Of all the plays, I think this is the one I least understand the text. There is a significant amount of supernatural, ravings, and internal monologue that makes it difficult to follow. The audiobook was therefore a 2, probably due to the nature of the play.

I did listen to it while driving into Alleghany County, where the mountains are turning golden from autumn and I was reminded of the fact that this mountain range was part of the same range that is in Scotland before Pangea split apart. 


Maybe I'll give the audio experience a half extra star for atmosphere.
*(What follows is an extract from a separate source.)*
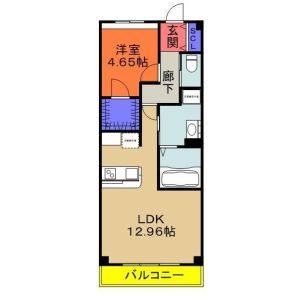 1LDK 間取り図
But notable lines that made me perk up for the fact that they are still used in popular culture:

"Sleep no more; Macbeth shall sleep no more."

Also:

"Double, double toil and trouble;
Fire burn and caldron bubble.
Fillet of a fenny snake,
In the caldron boil and bake;
Eye of newt and toe of frog"

And:

"By the pricking of my thumbs, something wicked this way comes."

And finally:

"The Weird Sisters" just for the Harry Potter fans.

We did the Kurzel Macbeth:







Gorgeous cinematography, stunning sets, great care and attention to details of costumes and hair.


The Weird Sisters. There were three women in the text, but in the film there was a fourth girl and then later an infant. NO IDEA what this is supposed to mean except that Macbeth and Lady Macbeth are slightly unhinged because their child has died (not in the text). The internet is so woo-woo about what it might mean that I don't buy it. Also these Weird Sisters are really hard core. What with all the newt eyes and frog toes, I thought we were going to get something like:



Instead we got this creepy bunch, collecting human blood off of battlefields and at one point having Macbeth drink some.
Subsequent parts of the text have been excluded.